Drop all images. Then write out each line below exactly as given.

[Opening Given information section]

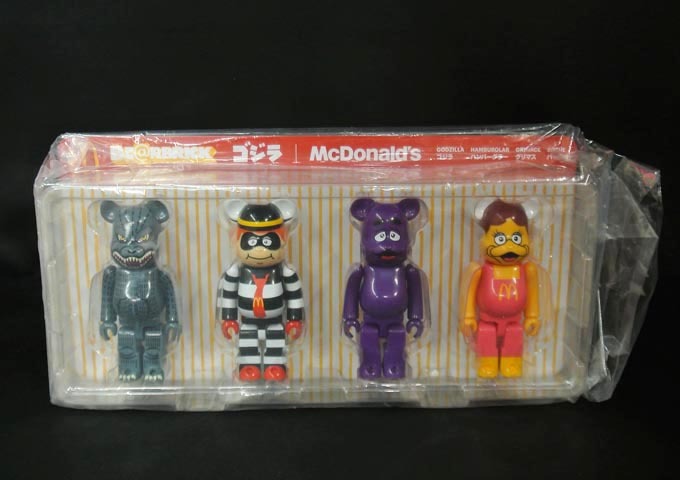 Yahoo!オークション -「ゴジラvsマクドナルド be@rbrick」の落札 Yahoo!オークション -「ゴジラvsマクドナルド be@rbrick」の落札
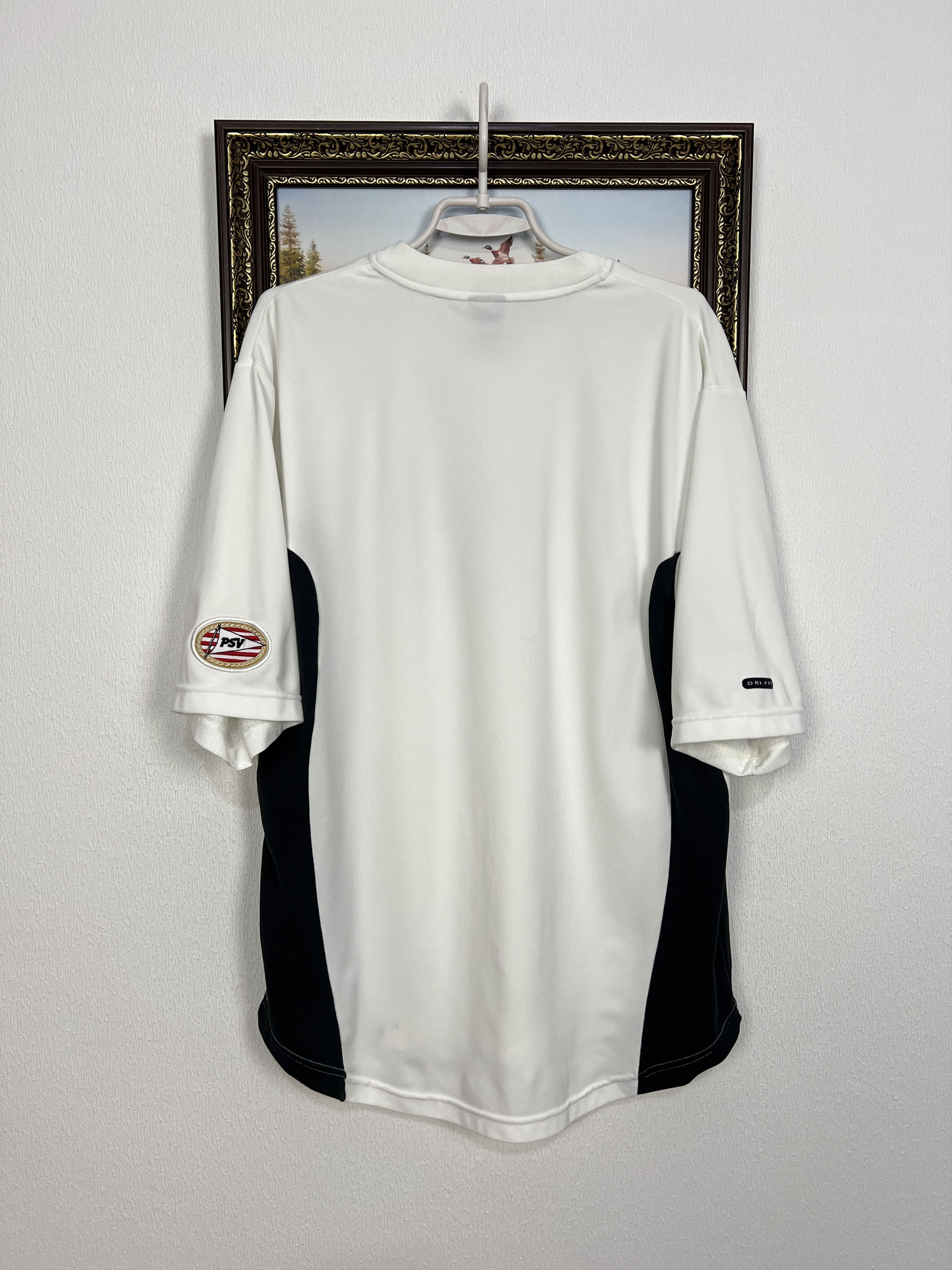 Nike Vintage PSV Eindhoven Football Train Shirt Soccer Jersey Size US L / EU 52-54 / 3 - 9 Thumbnail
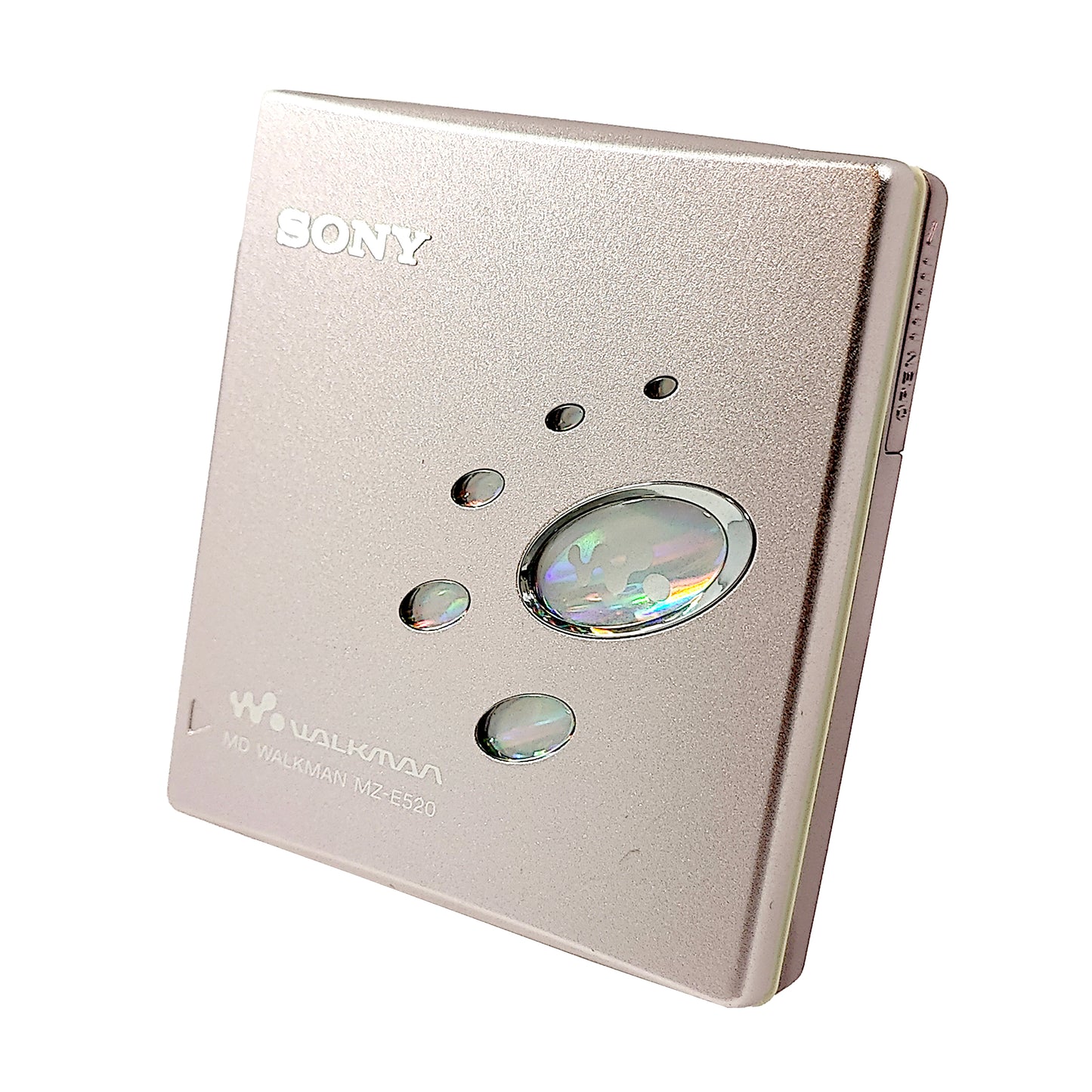 Sony MZ-E520 MiniDisc Player Bundle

[Closing Given information section]

**Response to the exercise**
 Yahoo!オークション -「ゴジラvsマクドナルド be@rbrick」の落札 Yahoo!オークション -「ゴジラvsマクドナルド be@rbrick」の落札
 Nike Vintage PSV Eindhoven Football Train Shirt Soccer Jersey Size US L / EU 52-54 / 3 - 9 Thumbnail
 Sony MZ-E520 MiniDisc Player Bundle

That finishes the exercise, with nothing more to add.